Vito Tanzi: I would like to make a comment on Professor de Macedo`s point about institutions. I am interested in your reaction, whether you agree with what I am going to say. I have always been impressed by the fact that economics has been developed mainly in the Anglo-Saxon world, in the US and in the UK. These two countries essentially have very stable institutions. Institutions in the US have not changed very much for hundred or two hundred years and in the UK even longer than that. It means that the institutions could be taken for granted. You do not have to worry about them. Furthermore, institutions pretty much worked. In the US when you talk about tax policy you do not have to worry whether the Internal Revenue Service will be able enforce the law or not - you take it for granted. When you talk about the Treasury you do not worry whether the Treasury will be able to track expenditure - you take it for granted. Much of economics has developed assuming institutions as constant. When we come to transition economy, when we come to developing country that assumption is no longer valid. Institutions become tremendously important, become actors in all the processes. Now we have a little bit of change on this. Amartya Sen and Douglas North get the Nobel Prize but if you look at North’s work it still reflects pretty much American tradition. They are not talking about the conflict between the tax policy that decides something and tax administrations that can not deliver it. This kind of conflict is very frequent. To some extent we need to really have more involvement in economics on the part of other countries beside the US. It is true that Poles or Indians or Italians, they go to the US but when they get there they begin to behave exactly like the others. If George was at Princeton, I am sure he would not be saying what he is saying now. I am curious about your reaction thank you.

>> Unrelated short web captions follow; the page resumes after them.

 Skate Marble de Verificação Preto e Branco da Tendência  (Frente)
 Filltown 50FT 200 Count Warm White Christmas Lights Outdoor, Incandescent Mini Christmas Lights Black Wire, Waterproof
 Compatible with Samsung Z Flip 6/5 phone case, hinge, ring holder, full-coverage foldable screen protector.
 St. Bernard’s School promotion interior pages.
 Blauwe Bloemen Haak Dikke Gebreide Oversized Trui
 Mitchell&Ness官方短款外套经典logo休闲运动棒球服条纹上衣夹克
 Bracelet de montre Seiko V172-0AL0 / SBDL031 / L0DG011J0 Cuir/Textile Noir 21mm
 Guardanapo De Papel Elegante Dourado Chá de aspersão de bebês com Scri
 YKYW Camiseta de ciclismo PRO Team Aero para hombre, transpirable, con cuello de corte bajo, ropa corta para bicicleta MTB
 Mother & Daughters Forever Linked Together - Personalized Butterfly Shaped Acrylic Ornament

Daniel Hall: My question has to do with venture capital and the possibility of using venture capital as a development tool. This issue of reasonable development in a context of, I think, the Polish reality over the past several years has been very interesting. We have seen significant FDI flows going into the country, a lot of development happening in Warsaw and regional capitals but not much getting out to the countryside or underdeveloped areas. Can venture capital be used with support either from international financial institutions or potentially from the government itself, as we are seeing happen in the United States with community development financial institutions and new market’s initiatives. Is it a reasonable tool or sensible, logical tool to use venture capital supported by some public sector institutions, whether they are national or international, to try to stimulate job creation and development and improved governance in local enterprises, small and medium enterprises growing and developing. Thank you.

Grzegorz W. Kolodko: I want to ask you one question, which is loosely related to what you have said. Since you are the President of the Development Centre of OECD and we are a member of the OECD along with some other countries in transition, I then hope that we are not only gaining from being the member of OECD - there is also our contribution to the way of OECD thinking and reasoning. Now OECD is becoming a little bit more complicated organisation at the contemporary stage of globalisation when it has to deal with the problems of catching up development of highly developed market economies and developing economies in transition. Sometime we are developing faster than developed economies, sometime developed economies develop faster than we do. Actually how do you see the future of OECD, what is the role of OECD as an international organisation in debates about the design of the policies to support the growth in the global economy and stabilisation of the institutional restructuring, the institutional set up for the contemporary global economy which is so much different from what it used to be when OECD was brought to the fore.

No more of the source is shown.